Existing data values from which the forecasting model has been estimated.
Error
Submit the data organized as in Table 1 to a computer program that can perform the exponential smoothing forecasting analysis. The analysis results in a model from which a date can be entered, and the corresponding value of \(y\) consistent with the estimated model. For each data value, \(y_t\), there is a corresponding value fitted by the model, \(\hat y_t\).
This is a review of concepts we have already discussed in several past weeks.
A fitted value, \(\hat y_t\), is computed from the model for a given value of the predictor variable, here Time, that specifies what data should occur at the given time.
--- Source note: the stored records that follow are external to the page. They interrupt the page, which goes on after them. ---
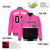 Custom Pink-Black-Pink Varsity Full-Snap Letterman Color-Matching Split Fashion Jacket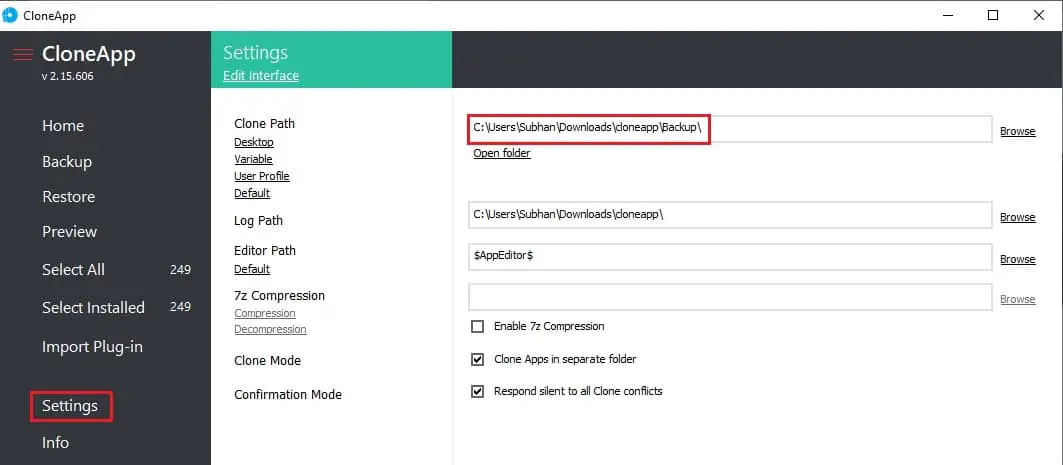 coneapp settings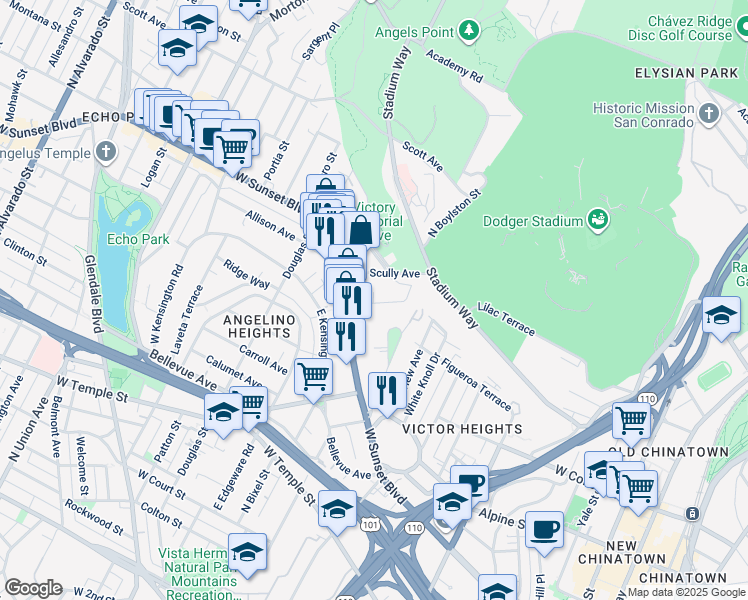 map of restaurants, bars, coffee shops, grocery stores, and more near 1230 Innes Avenue in Los Angeles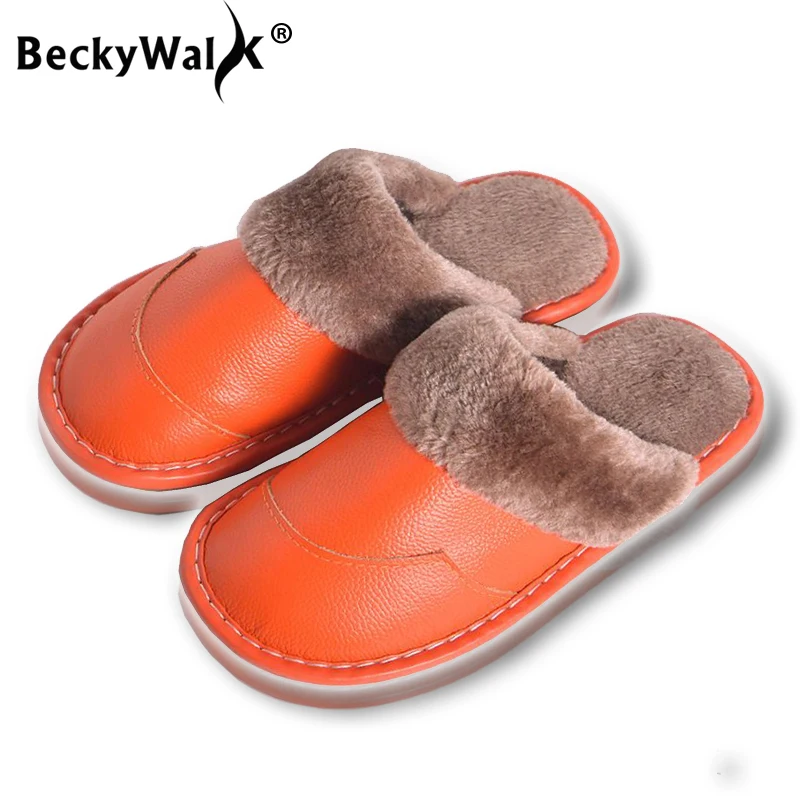 BeckyWalk/нескользящая зимняя обувь Женская домашняя Тапочки из натуральной кожи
Given the fitted value obtained from applying the model to any row of the data we have already collected, we can see how close the fitted value matches the actual data value, a fundamental concept in constructing predictive models. How well does the model recover the data from which it was estimated?
The discrepancy between the actual data value that occurred at Time \(t\) and the corresponding value computed, that is, fitted, by the model, \(e_t = y_t - \hat y_t\).
Table 2 shows the organization of the data table for the \(n\) data values across time and, from the model, the subsequently computed fitted values and error terms for each row of the data table. Also illustrated are the predicted values of the value of \(y\) projected two time periods into the future, \(\hat y_{n+1}\) and \(\hat y_{n+2}\).
| Time | y | \(\hat y\) | e |
|---|---|---|---|
| 1 | \(y_1\) | \(\hat y_1\) | \(e_1\) |
| 2 | \(y_2\) | \(\hat y_2\) | \(e_2\) |
| 3 | \(y_3\) | \(\hat y_3\) | \(e_3\) |
| … | … | … | … |
| n | \(y_n\) | \(\hat y_n\) | \(e_n\) |
| —- | ——- | ————- | ——– |
| n+1 | \(\hat y_{n+1}\) | ||
| n+2 | \(\hat y_{n+2}\) |
This concept of a residual or error term is fundamental to the development of predictive models, whether through regression analysis, exponential smoothing, or other forecasting techniques. We build predictive models to minimize the errors across the rows of data defined, for each row of data, by the difference of what is true from what the model indicates is true.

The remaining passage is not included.